31-MAR-2006
Goat, Shuhe, China, 2006
One goat. Many tether poles. It is an incongruous situation, made coherent by the use of layers. A foreground layer holds a tether pole. It serves as an entry point into the image. It draws us to the one holding the lonely goat – the primary subject layer in this image. A sea of tether poles and piles of hay comprise the next layer, while the buildings of the farm, one of them build in traditional style, makes up the final layer. A twisting path of straw carries us from layer to layer, each one adding incongruous scale context to the sole goat.
02-APR-2006
Shadow play, Baisha, China, 2006
A farmer returns from an early morning stick harvest, followed by his shadow.

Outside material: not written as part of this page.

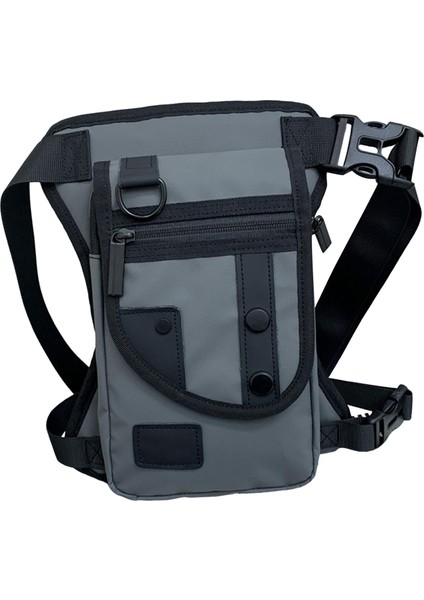 Bırak Bacak Torbası Çanta Balık Tutma Çantası Dayanıklı Uyluk Çantası Bel Paketi Seyahat Gri Için (Yurt Dışından) fırsatları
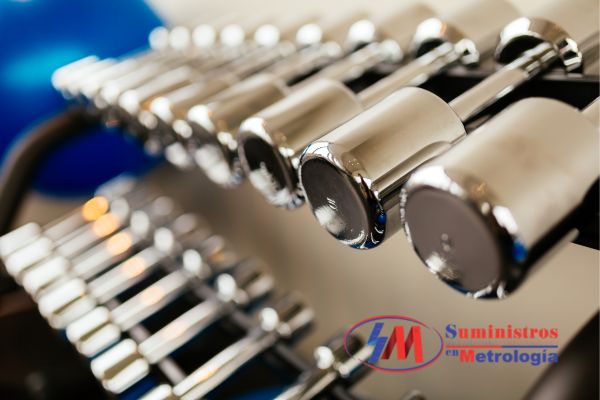 Pesas patrón: Funciones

In this image, the layers move from bottom to top. The bottom layer of this stack is a wall forming a roadway for the farmer. The middle layer gives us farmer and the incongruous shadow. Because of the early morning light, the shadow incongruously lags far behind.
The top layer is decorative crown for the image. The man carries a load of sticks, and giant sticks mimic his pace from the top of the building. The curving roof embellishments seem to echo the forward thrust of the farmer’s leg, as well.
28-MAR-2006
Wreath, Chiang Kai-Shek Memorial Hall, Taipei, Taiwan, 2006
Modeled after the Lincoln Memorial in Washington, DC, the CKS Memorial features an enormous seated statue of the Chinese Nationalist leader. I used the statue as a softly focused background layer. The foreground layer is my primary layer. It features a wreath left in his honor. I moved in for a close up of its ribbons and delicate flowers, leaving only a small space for the background layer to show through.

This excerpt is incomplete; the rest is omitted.